Verfassungsbeschwerden gegen Schleswig-Holstein und Hessen

Das Bundesverfassungsgericht prüft am 20. November die Rechtmäßigkeit der automatischen Erfassung von Autokennzeichen durch die Polizei. Der Erste Senat verhandelt über Verfassungsbeschwerden von Autofahrern gegen entsprechende Polizeigesetze in Schleswig-Holstein und Hessen. Demnach können auf öffentlichen Straßen und Plätzen Autokennzeichen per Kamera für einen elektronischen Abgleich mit Fahndungsdateien automatisch gescannt werden. Die Erfassung kann - wie bei Radarfallen zur Tempomessung - stationär oder mobil erfolgen.

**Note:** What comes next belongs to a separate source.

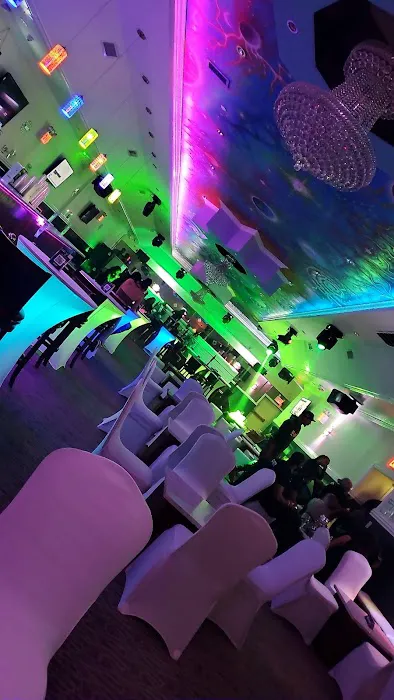Epic Lounge Picture 3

Die Überwachungs-Maßnahme soll nach offizieller Darstellung helfen, Autodiebe und Versicherungsbetrüger aufzuspüren.

Die klagenden Autofahrer sehen ihr Grundrecht auf informationelle Selbstbestimmung verletzt. Mit einem einzigen Lesegerät könnten pro Stunde mehrere Tausend Kennzeichen erfasst werden, heißt es in der Beschwerde. Die Polizei werde somit "zu einer massenhaften heimlichen Beobachtung von Unverdächtigen ermächtigt". Das Urteil wird erst im kommenden Jahr erwartet.

Nach einem Bericht des Nachrichtenmagazins "Focus" vom 19. November hat die hessische Polizei seit März eine Million Autokennzeichen mit ihren neuen Lesegeräten fotografiert. 300 Mal habe es einen "Treffer" gegeben. Dabei seien der Polizei zu zwei Dritteln Fahrer ins Netz gegangen, die ohne Haftpflichtschutz unterwegs waren, und nur in Einzelfällen andere Straftäter.

Dem Magazin zufolge lassen derzeit "mindestens die Hälfte aller Innenminister" Kennzeichen in ihren Bundesländern scannen. Dazu gehörten Bayern, Brandenburg, Bremen, Hamburg, Hessen, Mecklenburg-Vorpommern, Rheinland-Pfalz und Schleswig-Holstein. Baden-Württemberg wolle dafür das Polizeigesetz ändern.